Pois bem, o que a Igreja sacrificou, que poderia ser comparável ao sacrifício da vida dos mártires? A Igreja sacrificou impérios inteiros, isto é, abriu mão deles ou, na linguagem medieval, “relaxou-os ao mundo” por amor à verdade e à obediência e por rejeição do pecado.
Recordo-me de três fatos históricos de enorme amplitude histórica, econômica, política, que podem ser mencionados. O primeiro, a excomunhão de Nestório, Bispo de Constantinopla, em 1054. Vivia em condição de pecado publicamente conhecida, razão porque foi-lhe negada a comunhão. Em resultado reagiu e insurgiu-se contra a Igreja, procedendo de tal modo que acabou excomungado
Em 1311 a Igreja excluiu os Templários, cujos últimos 50 anos anos (de um total de aproximadamente 250) foram consumidos em práticas de pecados que bradam aos céus.
Em 1533 excomungou o rei inglês Henrique VIII para não consentir com seu divórcio – na Igreja não há divórcio.

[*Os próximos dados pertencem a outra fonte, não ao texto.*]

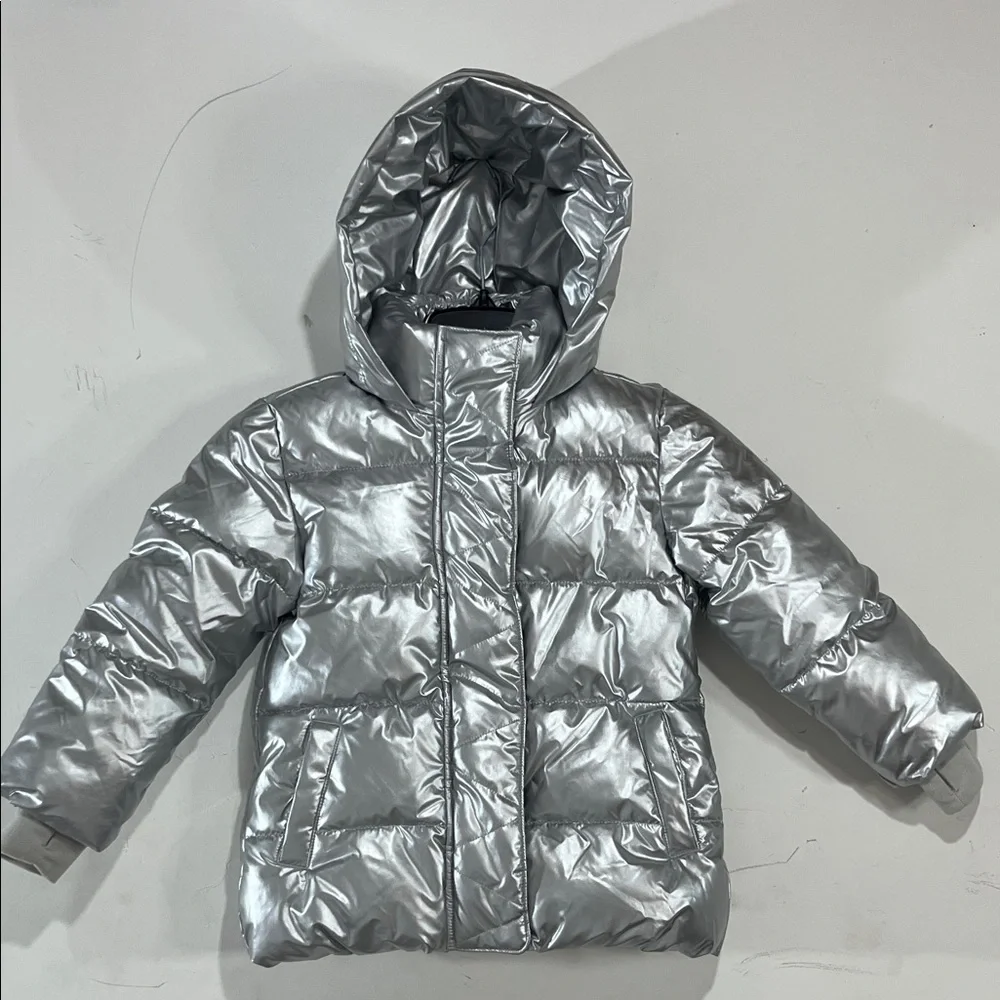 GAP Kids Silver Puffer Jacket Girl's Size XS 4-5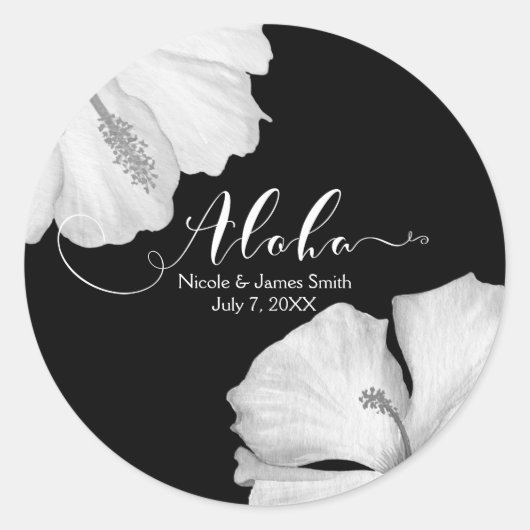 Sticker Rond Hibiscus blanc Noir Tropical Wedding Favor Aloha (Devant)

Nos três casos, a razão seria relevada pelo homem politico ou empresário: o pecado contra a castidade. Para não consentir com tal pecado, a Igreja abriu mão de impérios e poderes que nenhuma potência deste mundo recusaria, pois faze-lo seria o mesmo que renunciar à própria vida, como fez Santo Tomás More e outros.
Por que a Igreja age assim? Porque sua vocação é a salvação das almas e ela não trai nem pode trair tal vocação.
Joel Nunes dos Santos, em 23 de junho de 2012.